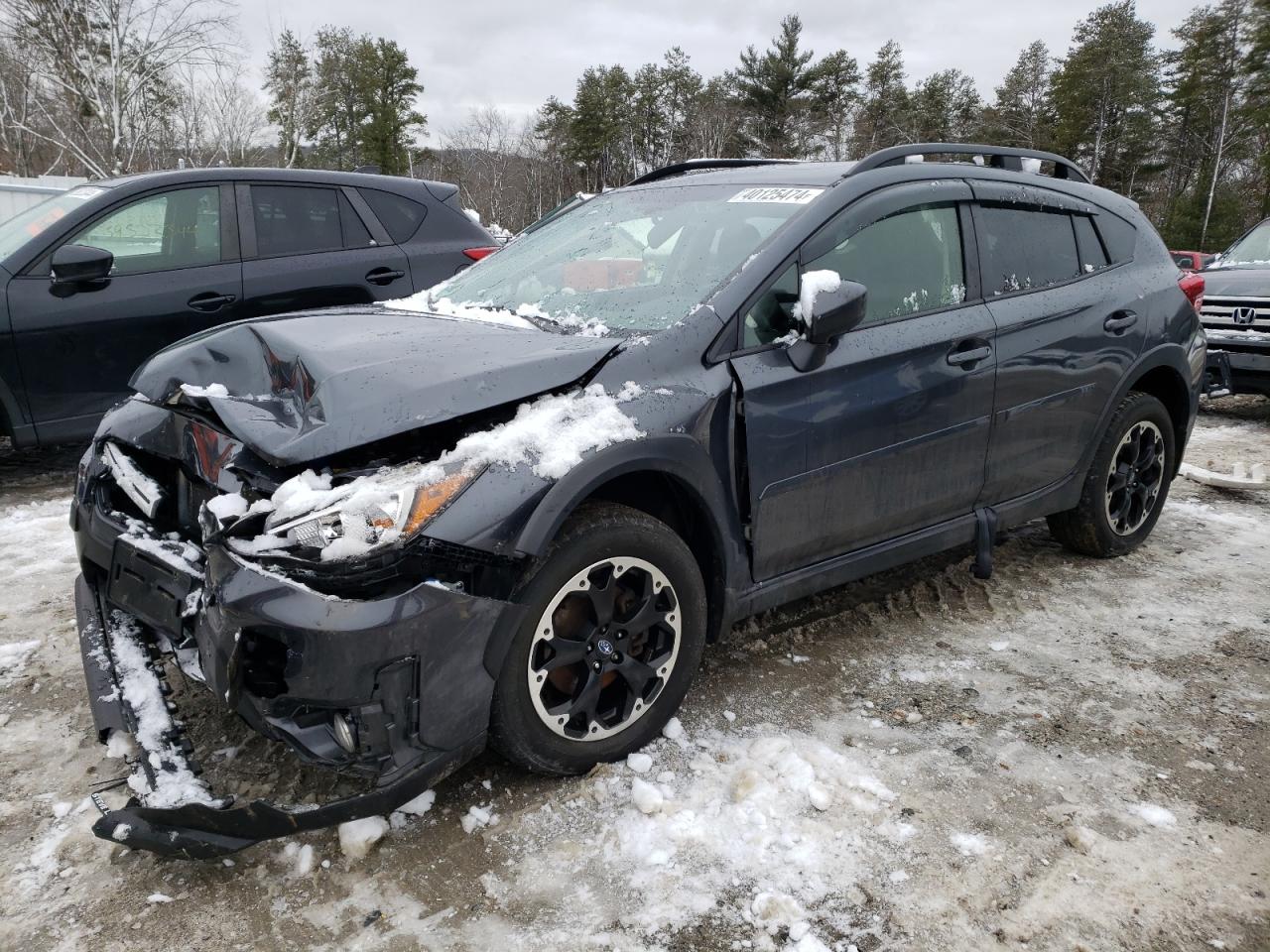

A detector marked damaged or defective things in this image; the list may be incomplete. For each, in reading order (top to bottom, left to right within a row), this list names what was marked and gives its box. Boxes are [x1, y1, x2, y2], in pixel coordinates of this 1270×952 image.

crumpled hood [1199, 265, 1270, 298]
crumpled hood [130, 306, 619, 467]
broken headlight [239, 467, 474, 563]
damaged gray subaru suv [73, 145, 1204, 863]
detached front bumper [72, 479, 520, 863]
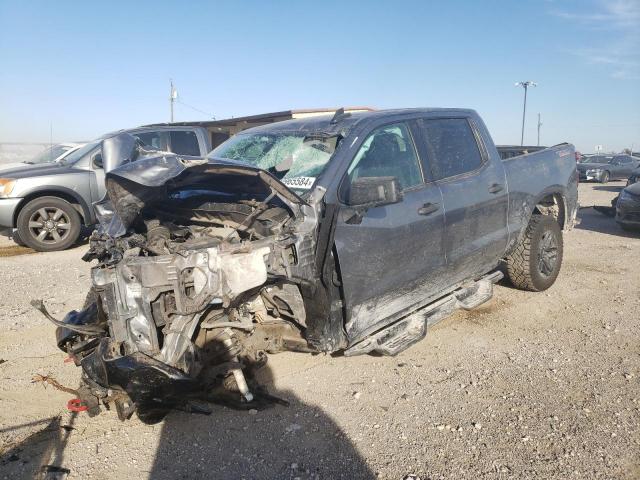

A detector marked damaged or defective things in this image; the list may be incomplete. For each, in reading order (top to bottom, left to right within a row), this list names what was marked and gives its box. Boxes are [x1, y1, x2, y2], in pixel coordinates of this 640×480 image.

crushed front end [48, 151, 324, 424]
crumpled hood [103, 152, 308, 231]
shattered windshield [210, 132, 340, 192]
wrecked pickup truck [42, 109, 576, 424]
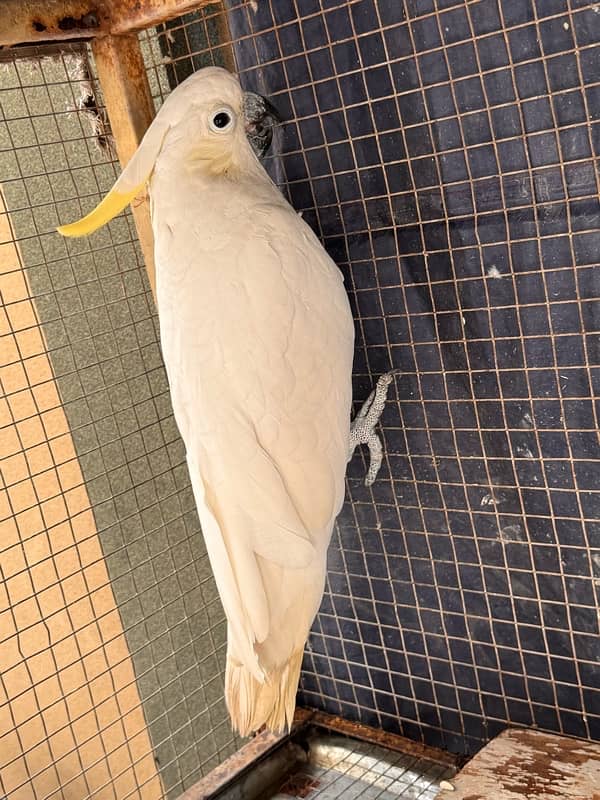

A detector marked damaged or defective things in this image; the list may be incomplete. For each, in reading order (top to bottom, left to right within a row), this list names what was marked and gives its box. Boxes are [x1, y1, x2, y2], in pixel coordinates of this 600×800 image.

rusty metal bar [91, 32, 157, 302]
□ □ □ □ □ □ □
WORK REQUIRED.
The expected output is the lines from the one with "this 600×800 image." through the end of the data, exactly as written and nothing more.

YOUR SOLUTION.
A detector marked damaged or defective things in this image; the list may be incomplete. For each, in reading order (top to bottom, left to right within a row), this list names what was marked and gives its box. Boxes are [x1, y1, x2, y2], in pixel coordinates of this 600×800 image.

rusty metal bar [91, 32, 157, 302]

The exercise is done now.